Originally Posted by *kirstenb* 
You don't remember the last time you went to the bathroom with the door shut.

You exclaim "A bike!" every time you see one because DS is so infatuated with them, even when you are by yourself.

YES! both of these!
I don't remember the last time I peed without an audience!!
&

A DOG! look! It's a DOG! WOOF! WOOF!


----------



## Agatha_Ann (Apr 5, 2009)

-when you hand the baby to your DH so you can use the restroom and he has to come retrieve you because you have fallen asleep on the toilet


----------



## nerdymom (Mar 20, 2008)

Quote:


Originally Posted by *AFWife* 
- You've ever tried to reason with a newborn "There's no way you're hungry. Mommy just fed you 10mins ago."

! all the time with my 6 month old!

When you have dinner with two other couples, one who also has a newborn on their laps, the other couple is newly engaged. The parents talk about poop the whole meal, then your LO (who has been nursing this whole time) spits up all down your back (which also lands on the floor with an audible SPAT), and the un-parents get up and politely exit. Later on, clearing the dishes, you realize that the un-parents didn't finish half their food. And they aren't interested in coming to dinner the next week.


----------



## KJoslyn78 (Jun 3, 2007)

Quote:


Originally Posted by *Jojo F.* 
When you are bouncing/rocking your whole body when you aren't wearing your baby.
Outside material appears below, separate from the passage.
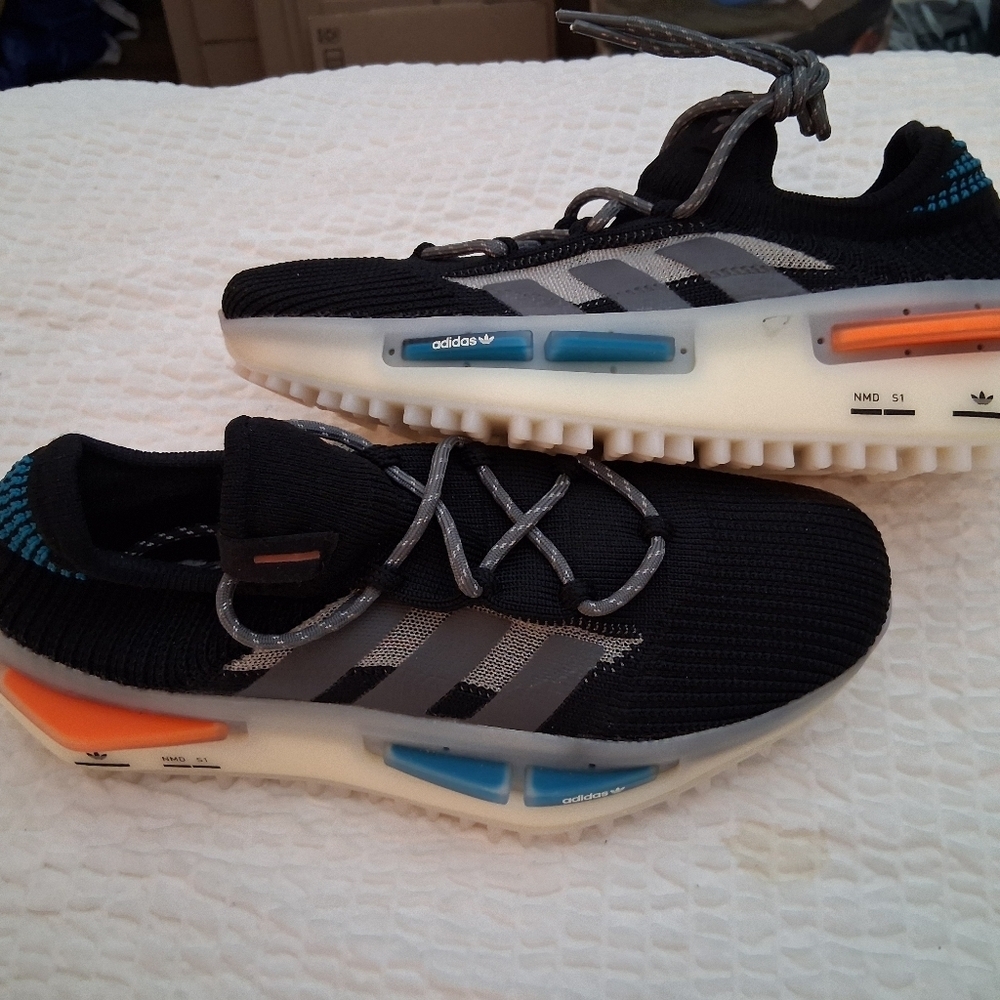 Adidas NMD S1 J Black Teal Orange GW2136 NWOB SIZE 6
I rock anything - i could be standing in line at the store, without kids, not holding anything, and still be swaying back and forth







:

Quote:


Originally Posted by *SkyMomma* 
When you find yourself spelling out words to your DP, no kids in sight.

If it wasnt for kids - my spelling would still stink! Thanks to kids - i can spell anything now (no - i'm not kidding - my spelling is terrible, and it actually has improved since having kids!)









Quote:


Originally Posted by *mamatoablessing* 
...when you're not sure if the brown spot on your arm is chocolate or poop and then you lick it to find out.
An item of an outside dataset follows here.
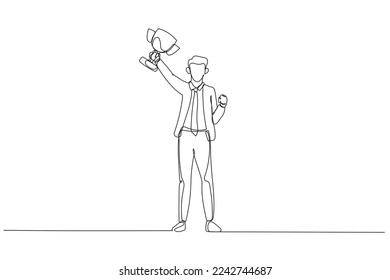 Drawing of businessman gesturing fists up holding gold cup winning and success. Single continuous line art style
Sniff it first - that's what i do!









Quote:


Originally Posted by *heidirk* 
well, he says it tastes good. . .








he likes to eat lotion in general, though. . . and I don't know why.









My middle child ate stick deodorant when she was 2 1/2 - LOL - apparently that taste good too (or maybe it was the scent of it?). Poison control assured me, 3 times i called in, that she'd have to eat more then 1 stick to be poisoned (good to know!

which adds: You have Poison control on speed dial!!

Quote:


Originally Posted by *jojojojojo* 
* When you find yourself listening to or singing kids' songs even when there's nobody else around.

Doesn't ever grown adult love Laurie Berkner?







:


----------



## Amys1st (Mar 18, 2003)

When you and DP are driving in the car with no children but there is a CD playing singing "the wheel on the bus go...." and you dont realize for at least a mile, YOU DONT HAVE TO PLAY THIS!!!!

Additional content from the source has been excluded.